Without faults you'd only be able to use the generic exception and  
then have to go digging in that to work out what went wrong.

> The general point here, is, I believe, not that we have to be careful
> with violating any specs (though of course that's still important),  
> but
> instead that we avoid, for the cases where code will be generated,
> describing things which may change in the foreseeable future.  The
> reason is simply that we should be aiming for loose coupling, and  
> having
> a change in a service (e.g. new response code) require a change in a
> client works directly against that.
>
Agreed, I think the inclusive vs exclusive nature of faults  
accomplishes this.

> Another example of this is the use, in most of the description specs
> I've seen, of XML schema.  For the same reason as above, I generally
> think it's a bad idea to describe the data produced using a schema
> since schemas generally (DaveO's excellent extensibility advice
> notwithstanding) change foreseeably over time, and I don't want a  
> change
> in the schema produced by a service breaking clients if I can help it.
> Instead, I'm more a fan of simply using a media type as a name for an
> open-ended sequence of backwards-compatible schemas (think "text/html"
> vs.

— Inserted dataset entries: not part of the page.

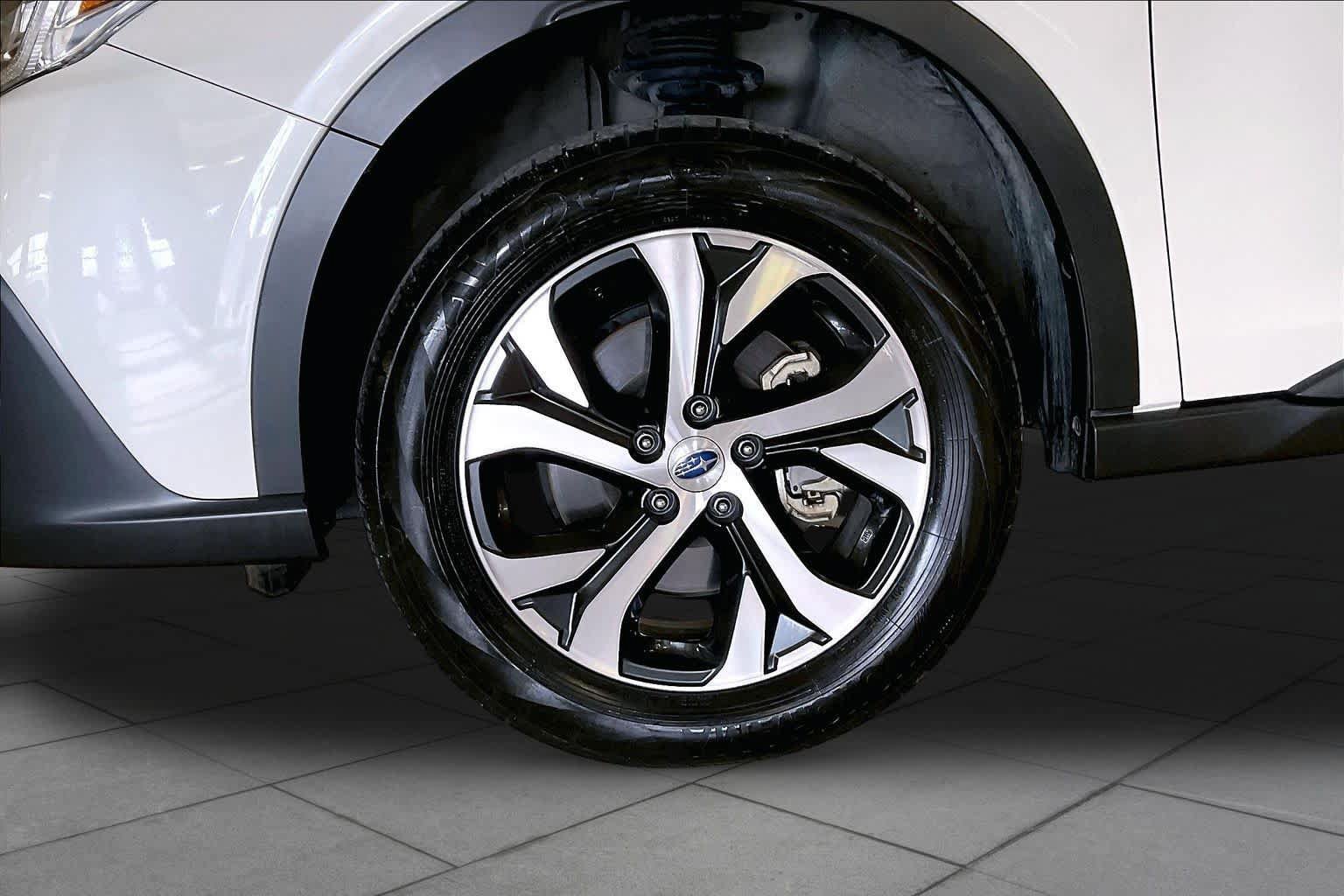 Used 2022 Subaru Outback Limited AWD/4WD image 10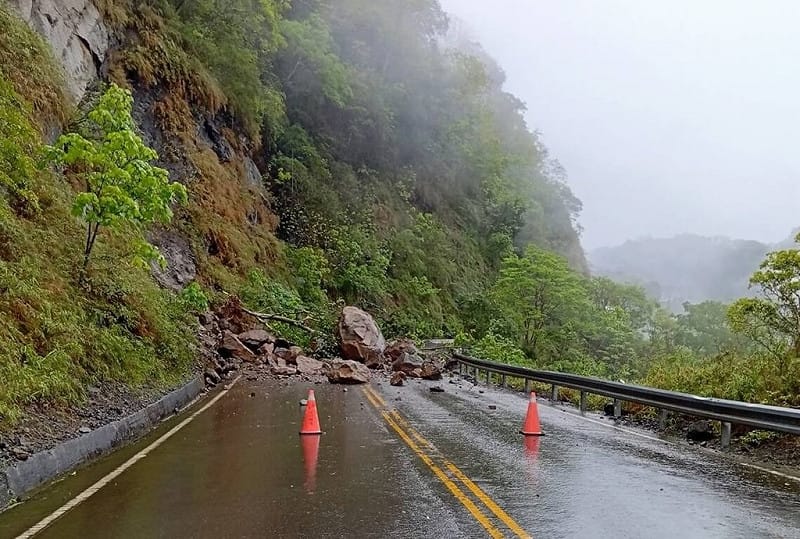 苗栗縣4日凌晨至清晨雷雨交加，雨勢驚人，獅潭鄉苗126縣道29.5公里處發生落石坍方，中斷交通，現場落石須待大型機具移除。（苗栗縣消防局提供）中央社記者管瑞平傳真　115年4月4日&nbsp;&nbsp;&nbsp;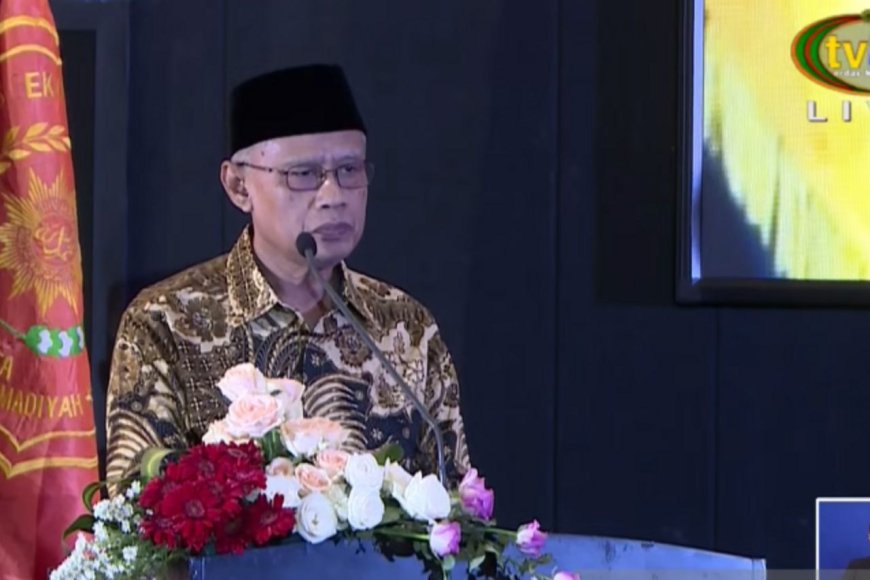 Ketum Muhammadiyah Haedar Nashir Mewanti-Wanti Oligarki Koalisi Pasca-Pilpres 2024 di Depan Ganjar dan Mahfud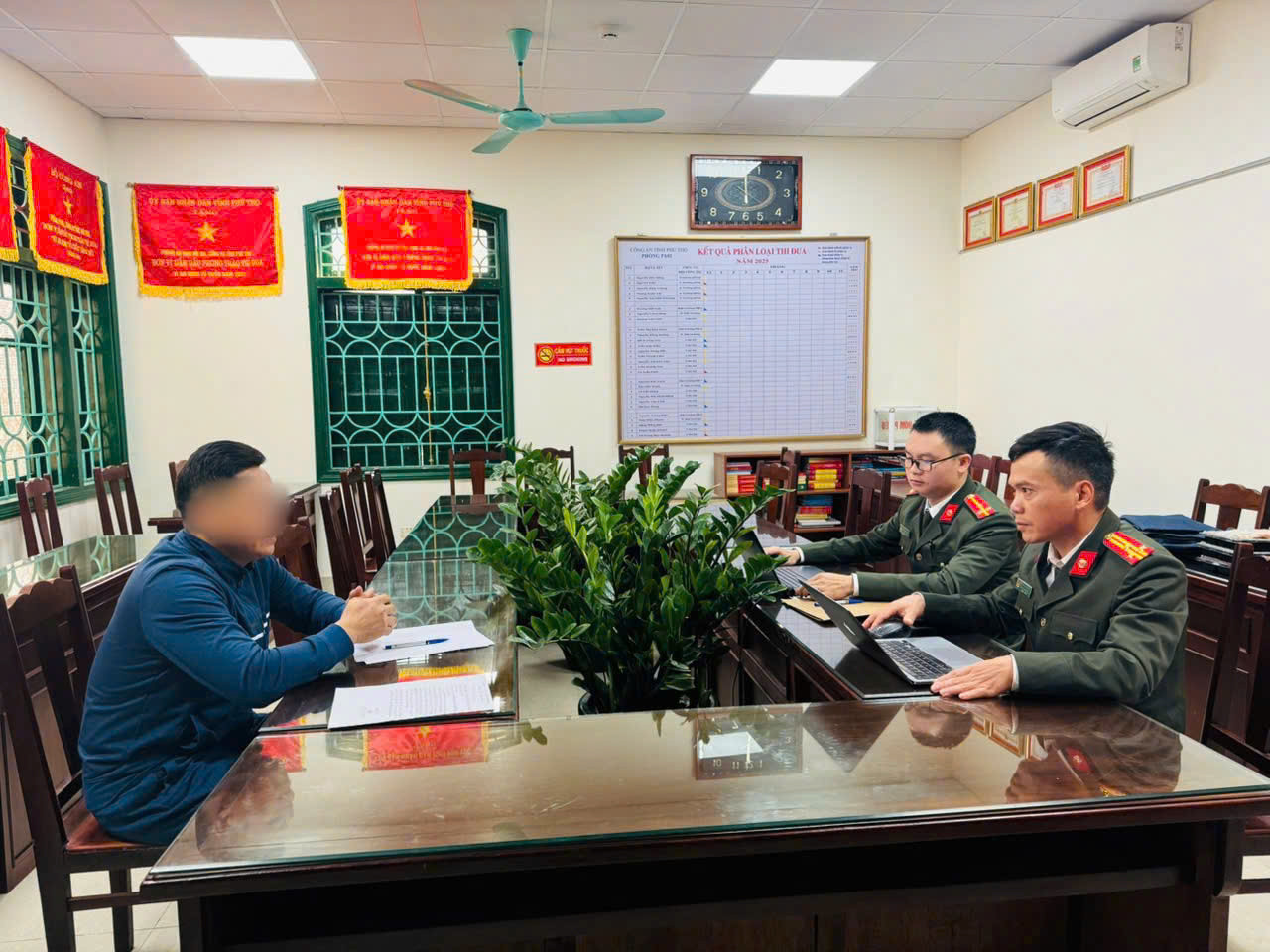 Quản trị viên nhóm Zalo "báo chốt" CSGT được mời lên cơ quan Công an làm việc.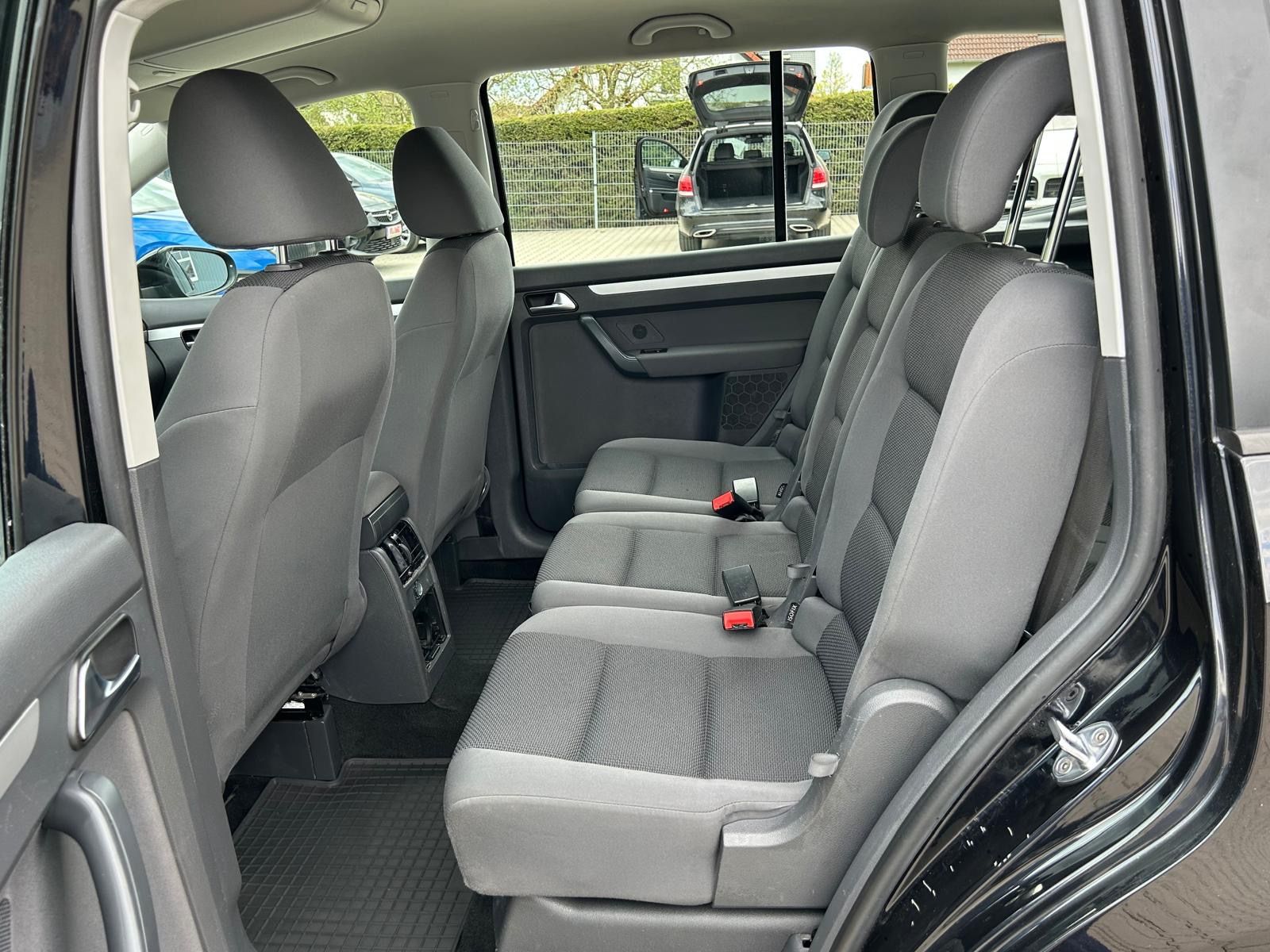 Fahrzeugabbildung Volkswagen Touran 1.6 TDI°7 Sitzer°Shz°Klimaauto.°2.Hand°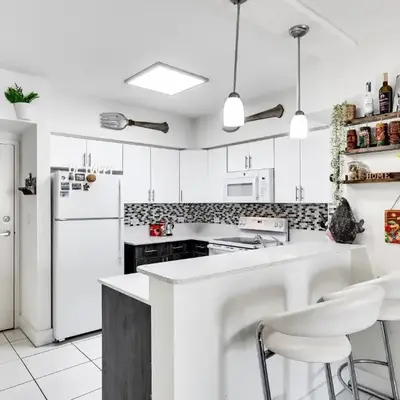 1 Bedroom Apt With Patio in South Riverside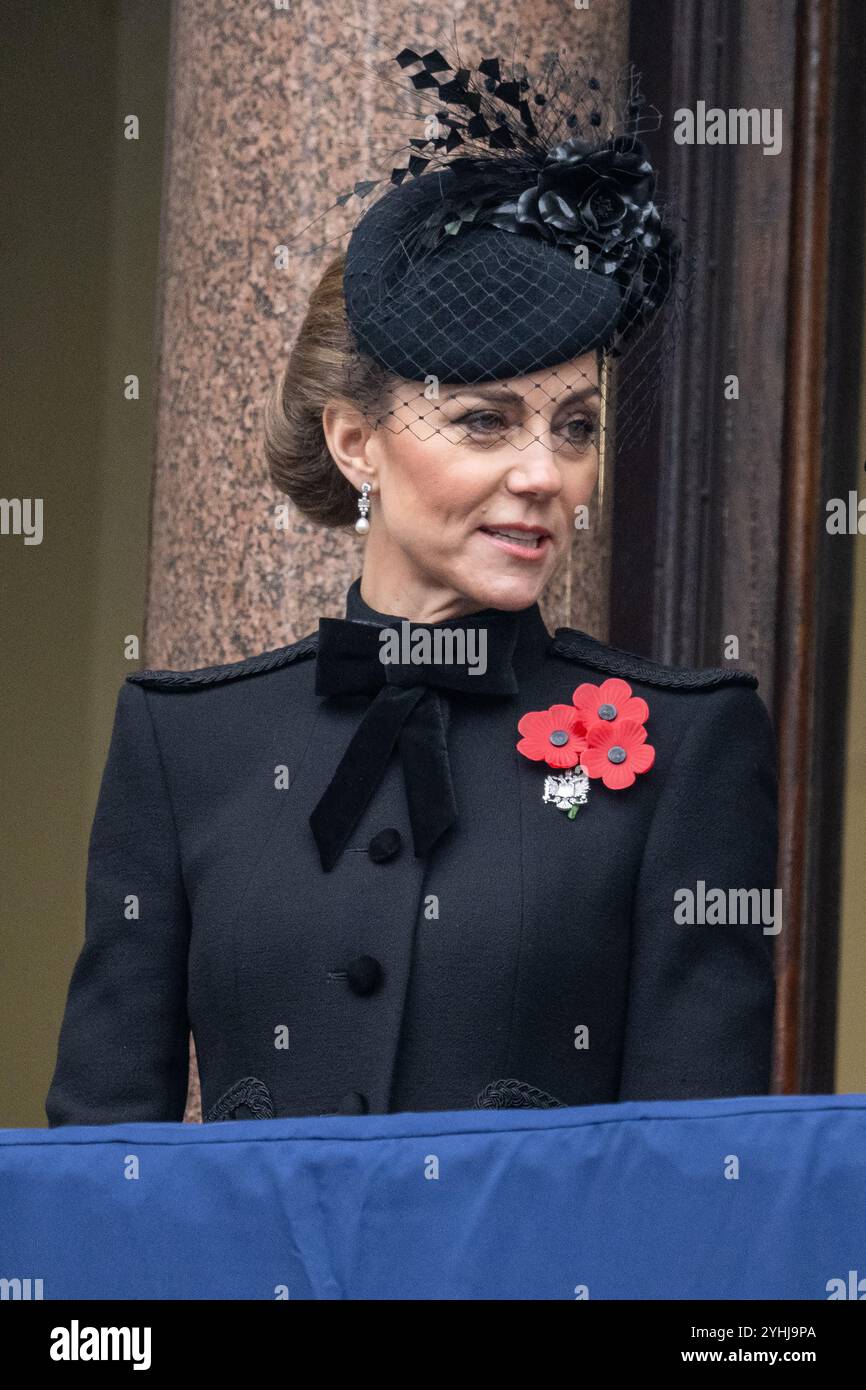 11/10/2024. Londra, Regno Unito Catherine, Principessa del Galles partecipa al Remembrance Sunday Service a Whitehall per commemorare il contributo dei militari e civili britannici e delle donne nelle due guerre mondiali e in seguito nel conflitto. Credito fotografico: Sam Hussain via Ray Tang/ foto piscina. Foto Stock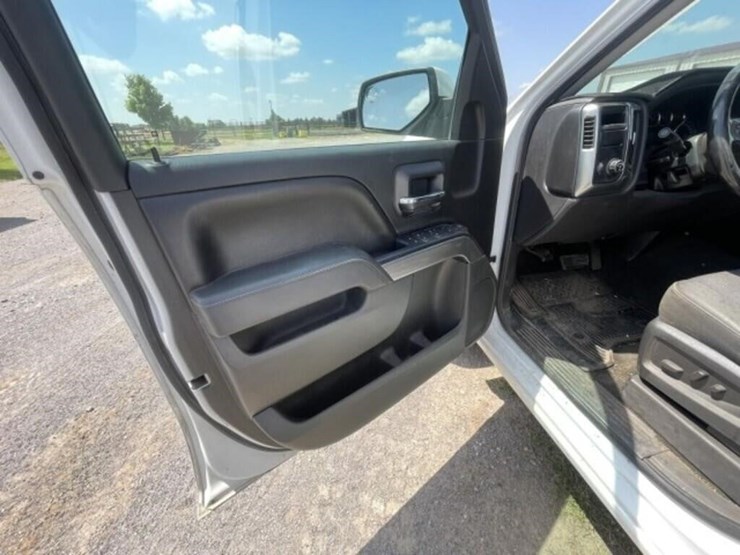 2015-chevrolet-silverado-1500-lt-image-22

HTML 2.0, 3.2, 4.01, etc..), as well as, of course, associating an
> extensible processing model to that media type to accomodate as many
> unanticipated extensions as possible over time.
>
Paul Downey and I discussed this over a few beers last night. I think  
there's a tension between providing a loose description that is more  
open to evolution but less useful in terms of code generation and a  
description that is tighter but more useful for code generation. WADL  
parameters are a nod in this direction, if the representation is  
relatively simple and the description includes parameters then the  
schema can be ignored when processing a received representation (you  
just apply the XPaths and grab the information you're interested in).  
However in order to produce a document you need access to something  
that describes the format you're expected to produce in some detail.

Marc.

> So what does such advice mean to a description language?  IMO, it  
> means
> that we should be designing a forms language, not what is typically
> known to be a "service description language".  A forms language is
> processed entirely at runtime, and declares state transitions,  
> possibly
> parameterized, of an application.  RDF Forms is a forms language.   
> WRDL
> is another.  WSDL 2.0 has some form features, but is predominantly for
> service description.
>
> It would be good to see some other views of what it is exactly that
> we're trying to accomplish here, i.e. what aspects of a service should
> a standard description language describe or not describe?
>
> Cheers,
>
> Mark.
> -- 
> Mark Baker.  Ottawa, Ontario, CANADA.          http://www.markbaker.ca
> Coactus; Web-inspired integration strategies   http://www.coactus.com
>
>

---
Marc Hadley <marc.hadley at sun.com>
Business Alliances, CTO Office, Sun Microsystems.